==== Data extracts ====

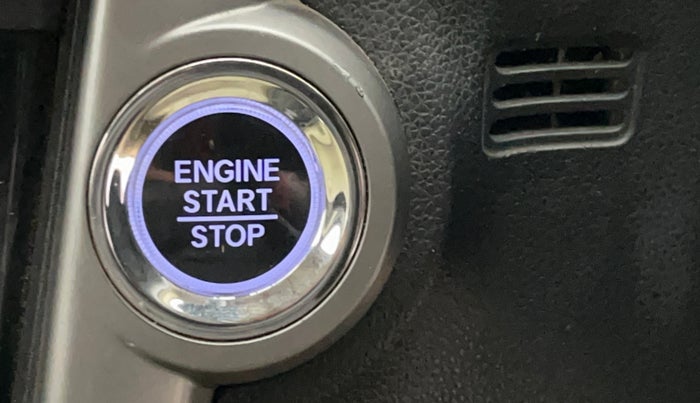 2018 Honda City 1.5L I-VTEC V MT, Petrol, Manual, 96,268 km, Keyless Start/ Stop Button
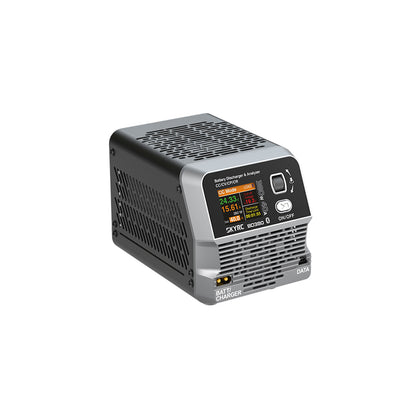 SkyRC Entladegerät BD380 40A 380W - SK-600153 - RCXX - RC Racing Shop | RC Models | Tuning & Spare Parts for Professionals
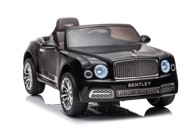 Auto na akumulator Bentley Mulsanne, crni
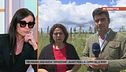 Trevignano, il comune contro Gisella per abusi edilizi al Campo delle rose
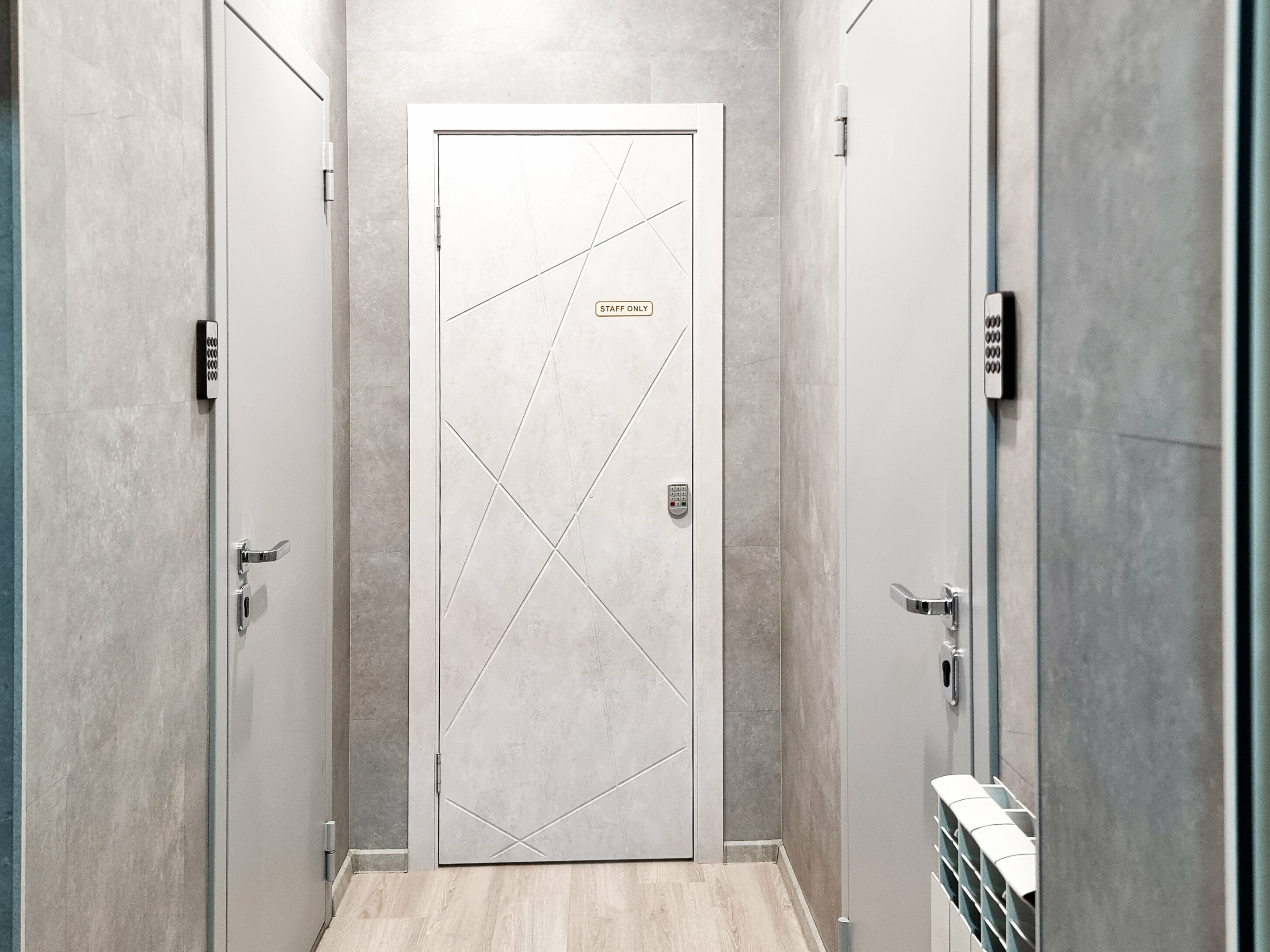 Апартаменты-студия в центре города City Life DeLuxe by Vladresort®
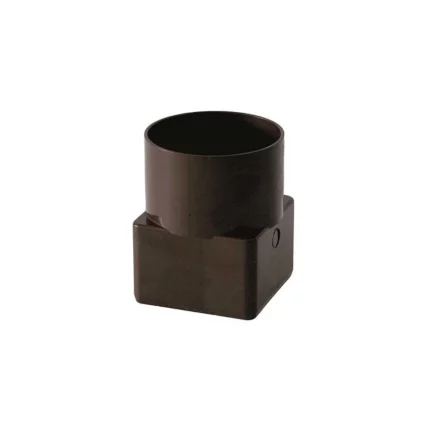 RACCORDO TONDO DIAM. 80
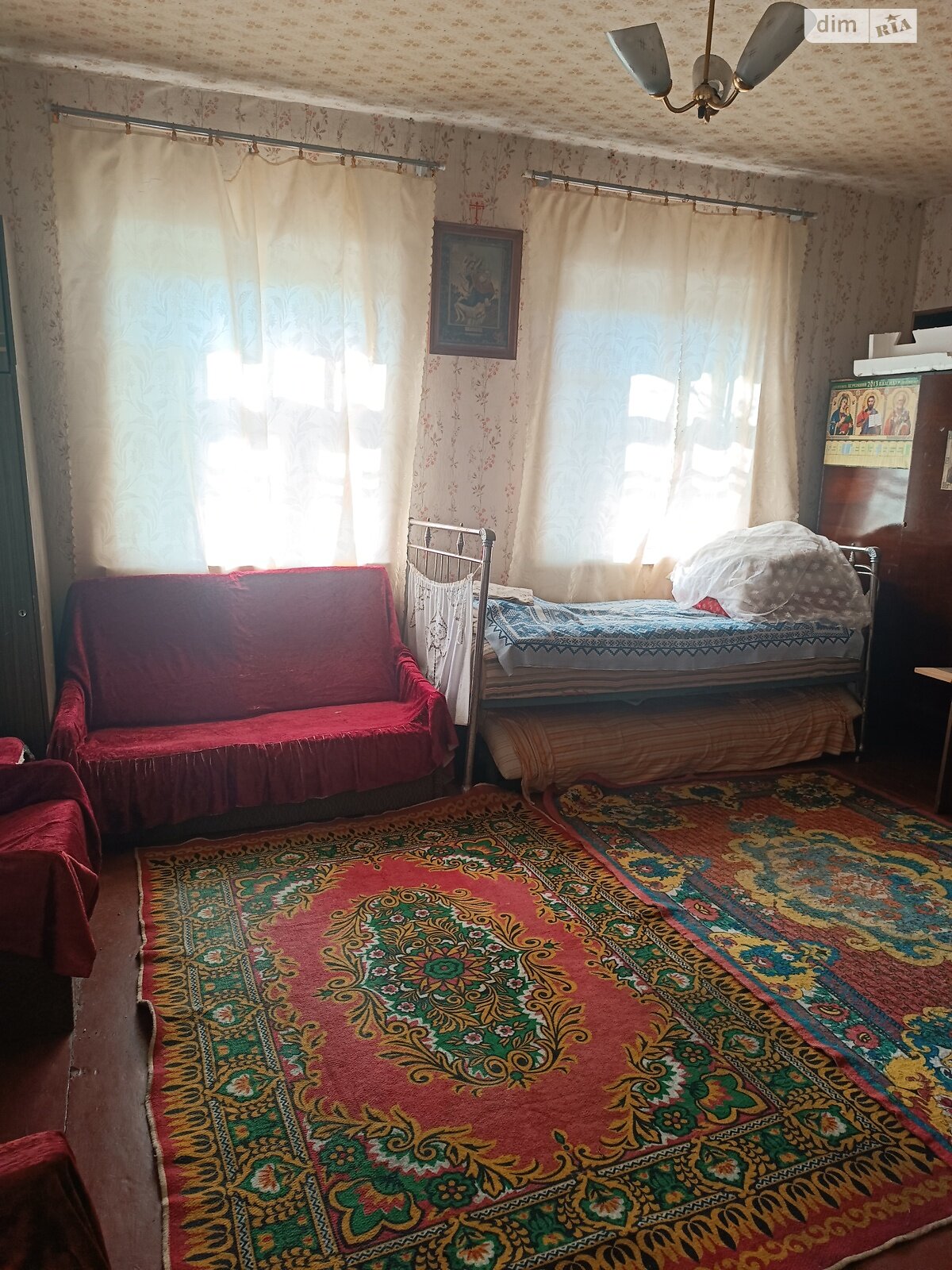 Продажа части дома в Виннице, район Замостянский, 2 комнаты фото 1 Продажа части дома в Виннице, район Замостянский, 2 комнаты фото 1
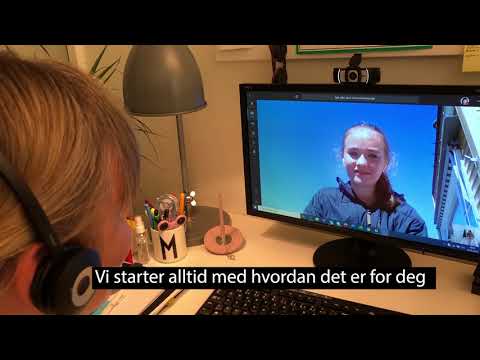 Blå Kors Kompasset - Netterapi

====

> Work to be completed:
The range to copy runs from the line with "Auto na akumulator Bentley Mulsanne, crni" to the last line of the entries, both included; copy it exactly and leave out the pictures.

> Solution to this exercise:
 Auto na akumulator Bentley Mulsanne, crni
 Trevignano, il comune contro Gisella per abusi edilizi al Campo delle rose
 Апартаменты-студия в центре города City Life DeLuxe by Vladresort®
 RACCORDO TONDO DIAM. 80
 Продажа части дома в Виннице, район Замостянский, 2 комнаты фото 1 Продажа части дома в Виннице, район Замостянский, 2 комнаты фото 1
 Blå Kors Kompasset - Netterapi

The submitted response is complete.